PLEASEFORTHELOVEOFGODIMUSTKNOW.
-
If you go back and read 787, you find a very interesting contrast.
Ever seen one of those "Guess the number of marbles in the jar, win a prize!" features of a church carnival or whatnot? Whenever I encounter one, I have to sit cross-legged on the grass, whip out a pen, paper, and calculator and proceed to take representative counts of part of the jar and make simplifying assumptions and calculations based on the geometry of the marbles (or pennies or stones or...) and the geometry of the jar and 20 minutes later come up with what I considered to be the upper limit on the count and then make an error analysis to reduce that to come up with my guess.
but do you win?
He did give the winner a candy bar.
-
I do math problems in my head just to see what the answer REALLY could be....
....i'm so ashamed.
-
Friggin' math people. :-P
I make History Channel-style documentaries in my head when I play games like Rome Total War....or just for fun.
-
I do math problems in my head just to see what the answer REALLY could be....
....i'm so ashamed.
In class we've been covering the behavior of fluids. We were discussing density and buoyancy. I gave the class a fairly complex problem I knew they didn't have the tools to solve, then began walking them through it. Then I realized how very far beyond them it was and stopped. Then I realized the answer was fairly trivial and started working on a more difficult problem.
The easy problem was:
You have a cube of density ρc<ρf the density of a fluid. If the cube is of side length l, how far into the fluid will it sink?
It quickly becomes apparent that if you state that d is the length of the vertical edge below the surface of the water then d/l = ρc/ρf.

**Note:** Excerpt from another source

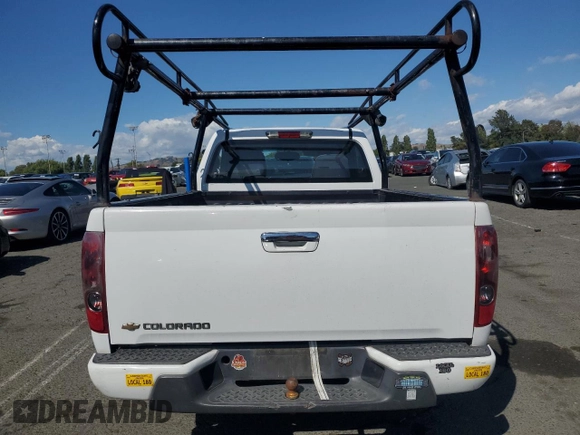 2012 Chevrolet Colorado Work Truck with VIN 1GCCSBF9XC8145058, listed as a Copart auction lot 57133065 with 261,719 mi miles and Salvage title. Bid and sale history available at DreamBid. Image 6.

Now, a much more difficult problem is:
You have a right cone of height h, radius R, angle α, and density ρc in a fluid of density ρf, how far will it sink (base first) into the fluid?
You have to be able to find the roots of a cubic equation (it turns out to be surprisingly simple, actually. The equation, that is), but the answer is: d/h = (ρc/ρf - 1) ^ (1/3) + 1
You'll notice that this always gives an answer between 0 and 1, which is what you'd expect. Also, the closer the density of the cone is to the density of the fluid, the greater the depth to which the cone is submerged.

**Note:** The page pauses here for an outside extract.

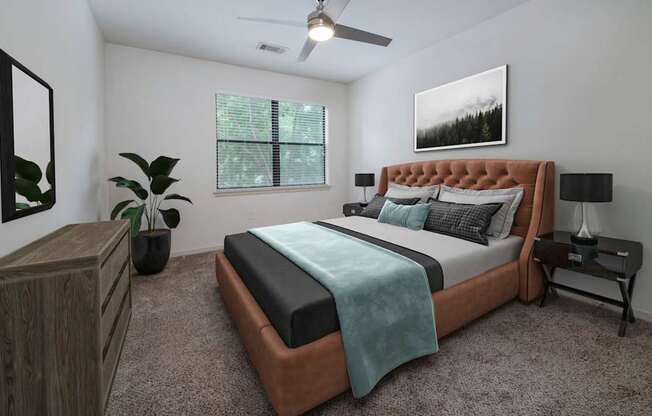 The Hendrix Apartments bedroom with bed and ceiling fan at The Hendrix, Atlanta
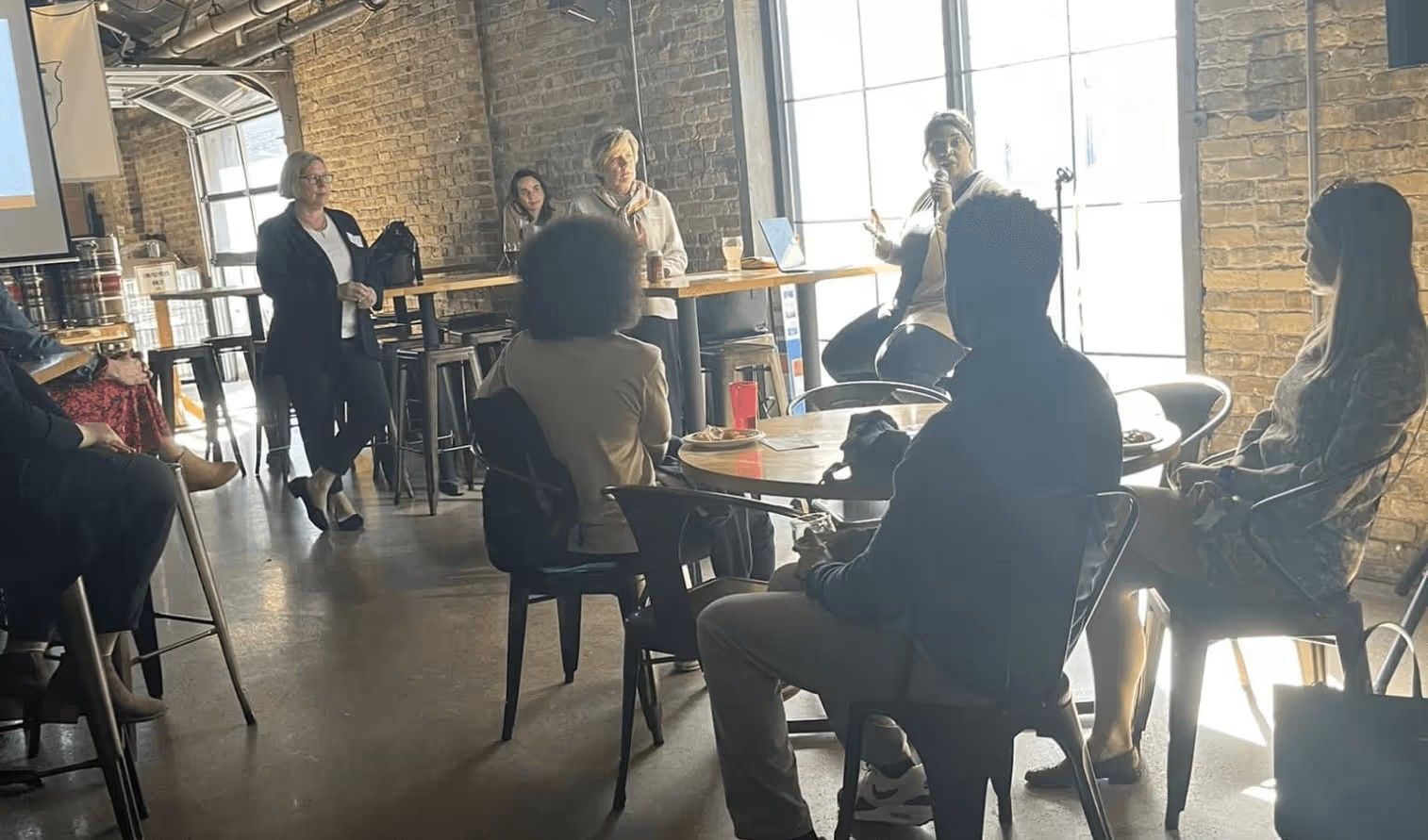 A group of people sit at tables in a rustic, brick-walled room during an indoor professional presentation or workshop.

Then I tried to find out how far the cone would sink point first and made a mistake somewhere and came up with an answer such that the denser the cone, the less it's submerged. But I was way, way too tired to find my mistake.
-
Applause for wide angle focus Hannelore. APPLAUSE, I SAY. Bravo, encore, etc.
-
"Writing this actually gave me a headache." It gave me a boner, and i'm waaay too old for boners. Please stop teasing us with Hannelore - there are no real women like that. Or not nearly enough, anyway.
Creepy!
-
Then I tried to find out how far the cone would sink point first and made a mistake somewhere and came up with an answer such that the denser the cone, the less it's submerged. But I was way, way too tired to find my mistake.
That may actually have been right, since the submerged volume would increase more and more rapidly as it sinks. Though obviously at some point it would have to just sink.

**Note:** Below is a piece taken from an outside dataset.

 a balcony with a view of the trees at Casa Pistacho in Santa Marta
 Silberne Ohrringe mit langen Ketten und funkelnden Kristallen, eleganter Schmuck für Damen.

Anyway, it doesn't really matter, because you couldn't get a cone to float like that; point first is an unstable equilibrium, so it would quickly flip over and turn into the other problem. :P
-
Actually, it would lay on its side and become a different problem entirely.
Still, I found my mistake. I was thinking of 'd' as the submerged distance, but I'd written it and solved it as the unsubmerged distance. Now my answer makes sense; the denser the cone gets, the less unsubmerged it is.